Thermal Properties of Current Sheet Plasmas in Solar Flares

TL;DR

This study investigates the thermal properties of plasma sheets in solar flares using EUV observations, revealing that these sheets are generally isothermal with steady temperatures, indicating balanced heating and cooling during reconnection.

Contribution

It provides new insights into the thermal structure of current sheets in solar flares, showing they are typically isothermal and steady, which supports a model of balanced heating and cooling processes.

Findings

Plasma sheets exhibit high, narrow temperature ranges, suggesting isothermal features.

Temperature remains constant at different heights in most cases, with one exception.

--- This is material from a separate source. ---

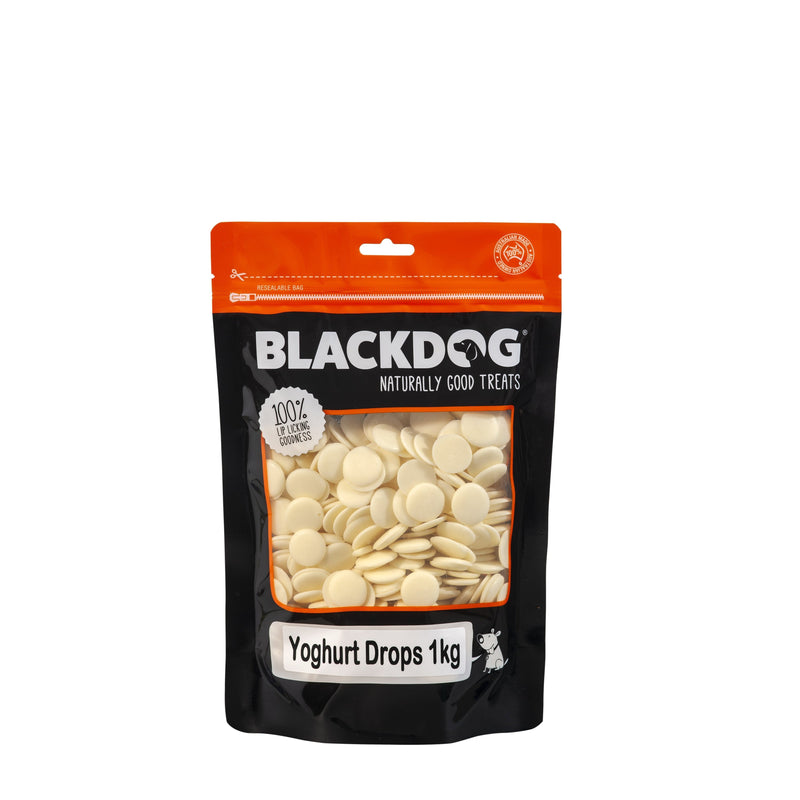 Blackdog Yoghurt Drops Dog Treats 1kg-Habitat Pet Supplies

Sheet emissions decrease exponentially above the flare arcade, but thicknesses show no height dependence.

Abstract

The current sheet is an essential feature in solar flares and is the primary site for magnetic reconnetion and energy release. Imaging observations feature a long linear structure above the candle-flame-shaped flare loops, which resembles the standard flare model with the current sheet viewed edge-on. We investigate the thermal properties of plasmas surrounding the linear sheet during flares, using EUV observations from the Atmospheric Imaging Assembly (AIA) onboard the Solar Dynamics Observatory (SDO). The differential emission measure (DEM) analyses show evidence of high temperatures in the plasma sheets (PSs), containing hot emissions from only a narrow temperature range, suggestive of an isothermal feature. The sheet's temperature remains constant at different heights above the flare arcade, peaking at around logT=7.0-7.1; while the well-studied 2017 September 10 X8.2 flare exhibits as an exception in that the temperature decreases with an increasing height and peaks higher (logT=7.25) during the gradual phase. Most PS cases also hold similar emission measures and thicknesses; while the PS's emissions drop exponentially above the flare arcade, the sheet thicknesses show no significant height association as for all the measurements. The characteristics of isothermal and steady temperature suggests balanced heating and cooling processes along the current sheet, particularly additional heating may exist to compensate for the conductive and radiative cooling away from the reconenction site. Our results suggest a steady and uniform sheet structure in the macroscopic scale that results from flare reconnection.